(Short descriptive text snippets)
-------
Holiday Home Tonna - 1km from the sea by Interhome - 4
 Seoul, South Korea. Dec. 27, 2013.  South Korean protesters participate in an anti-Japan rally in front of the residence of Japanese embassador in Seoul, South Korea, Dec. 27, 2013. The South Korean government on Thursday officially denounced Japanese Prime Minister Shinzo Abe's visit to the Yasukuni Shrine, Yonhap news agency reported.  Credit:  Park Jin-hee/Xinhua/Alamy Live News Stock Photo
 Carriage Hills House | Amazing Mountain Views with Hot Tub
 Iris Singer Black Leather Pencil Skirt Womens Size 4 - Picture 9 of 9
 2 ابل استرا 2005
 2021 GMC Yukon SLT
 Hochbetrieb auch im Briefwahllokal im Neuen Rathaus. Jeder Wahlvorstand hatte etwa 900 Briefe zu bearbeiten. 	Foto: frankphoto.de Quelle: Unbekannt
-------
*Requirement*
Go to the line holding "Carriage Hills House" in the entries above and return it, along with every line after it, exactly as written.

*Answer to the problem*
 Carriage Hills House | Amazing Mountain Views with Hot Tub
 Iris Singer Black Leather Pencil Skirt Womens Size 4 - Picture 9 of 9
 2 ابل استرا 2005
 2021 GMC Yukon SLT
 Hochbetrieb auch im Briefwahllokal im Neuen Rathaus. Jeder Wahlvorstand hatte etwa 900 Briefe zu bearbeiten. 	Foto: frankphoto.de Quelle: Unbekannt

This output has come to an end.